*TASK ITEM*
An exact copy of all the lines below is required, with every image left out.

*SOURCE DATA*

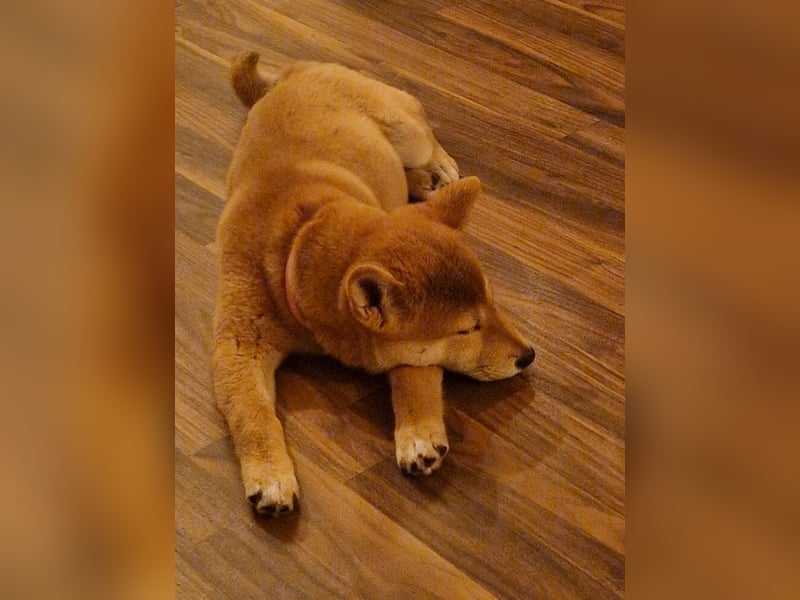 3 Monate alte Shiba Inu Hündin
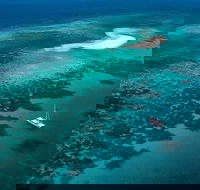 Outer Barrier Reef Sailing and Snorkeling Adventure from Port Douglas - Accommodation NT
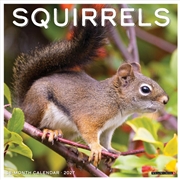 Buy Squirrels 2027 Wall Calendar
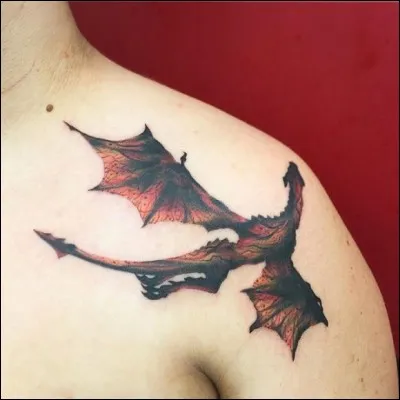 Quelle saga est représentée par ce tatouage ?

*WRITTEN ANSWER*
 3 Monate alte Shiba Inu Hündin
 Outer Barrier Reef Sailing and Snorkeling Adventure from Port Douglas - Accommodation NT
 Buy Squirrels 2027 Wall Calendar
 Quelle saga est représentée par ce tatouage ?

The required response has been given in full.